La poesía de Leopardi procederá después de esta condena por otros derroteros, más intimistas en lo emotivo, y más universales en lo reflexivo. Avanzando en la vida, la contemplación de la vida se hace más desolada, el desengaño se vuelve ontológico. La atención se concentra sobre el paso del tiempo, el amor inalcanzable, los anhelos perdidos; la desgastante lucha entre la realidad y el deseo. La infelicidad que había reconocido en el paso de la historia se le presenta ahora como intrínseca al existir del hombre, de las fieras y de los mismos astros. Así, en una larga epístola poética a su amigo Carlo Pepoli, se oye un eco de los versos dedicados a las violadas californias selvas: ``Y hay quien virtud, sapiencia y bellas artes/persiguiendo; y quien su propio pueblo/conculcando y extraños, o de tierras/remotas la quietud turbando antigua/con comercios, con armas o con fraudes,/la vida que le fue dada consuma.'' En esta etapa más avanzada de su pensamiento, la viril virtud, las ciencias y las artes que granjean la gloria, se colocan sobre el mismo plano de las más perversas injusticias sociales e históricas, pues las unas y las otras no son sino un paliativo del tedio, única alternativa al dolor en la vida.
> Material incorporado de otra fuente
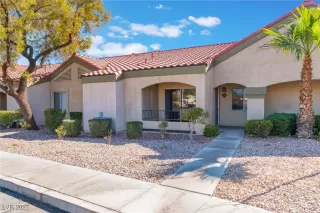 Photo #1: 2659825 Listing 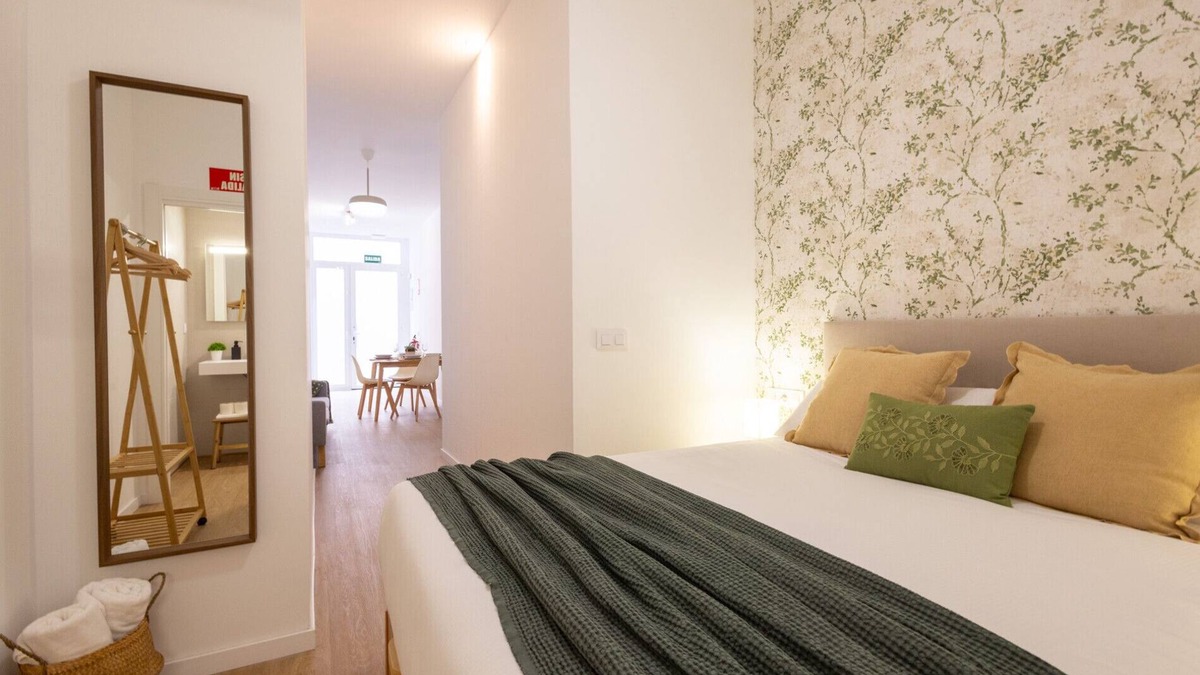 Aiora Apartment | The Maritim Serreria Apartment 02 by Florit Flats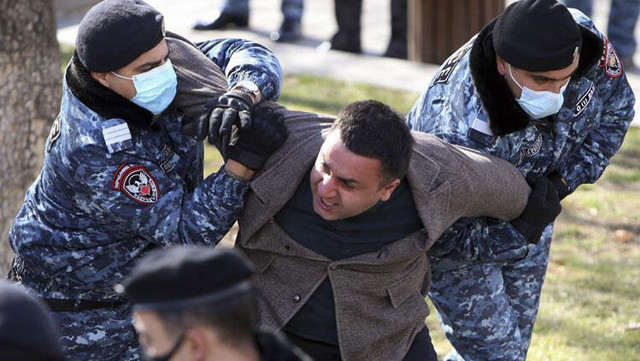 Ermenistan'da darbe girişimi! Ordu hükümete muhtıra verdi Genelkurmay Başkanı görevden alındı - Resim: 5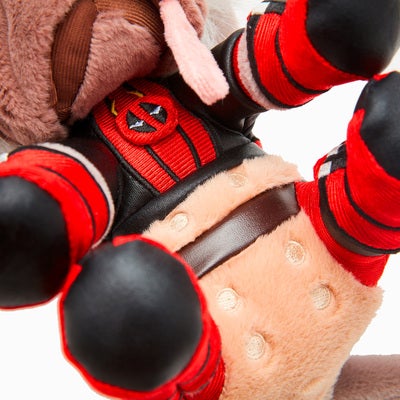 Disney Marvel Kosedyr Dogpool 25 cm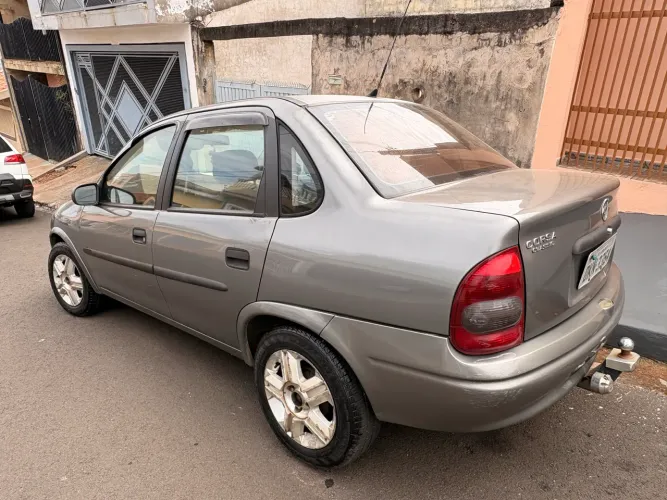 Chevrolet Corsa Sedan 1.0 MPFI 8V 71cv 4P 2004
Regresará Leopardi pocas veces a la consideración de la sociedad humana, y no se valdrá ya de la inflamada retórica, voz de lucha y entusiasmo aún en la censura, sino de una ironía rayana en el sarcasmo. El canto dedicado al amigo Gino Capponi es una larga letanía de denuestos contra las miserables innovaciones que se identifican (¡lo seguimos haciendo!) con el progreso, contra las ``obras/estupendas, y estudios, y virtudes/e ingenio y alta ciencia de mi siglo'', que bien podría ser el nuestro. Regresa el tema de las armas, vistas ya no en su connotación heroica, sino de insensato furor bélico: ``Mas en verdad no comerá bellotas/la humanidad, si el hambre no la fuerza:/no depondrá el acero. [...] es más, cubierta/de guerras tendrá Europa y la otra margen/del Atlántico mar, fresca nodriza/de pura civil vida...'' La política, para el poeta moralista, no será nunca otra cosa, nunca, sino la supremacía del fuerte sobre el débil, sean cuales sean los modos en que se organice la sociedad: ``Proterva osadía y fraude,/junto a mediocridad, reinarán siempre/a flotar destinados. De la fuerza/y el mando abusará quien cumulados/en extremo los tenga, o compartidos,/y bajo cualquier nombre.'' La salvación del género humano no estriba en un cambio de estructuras, sino en un cambio de actitud.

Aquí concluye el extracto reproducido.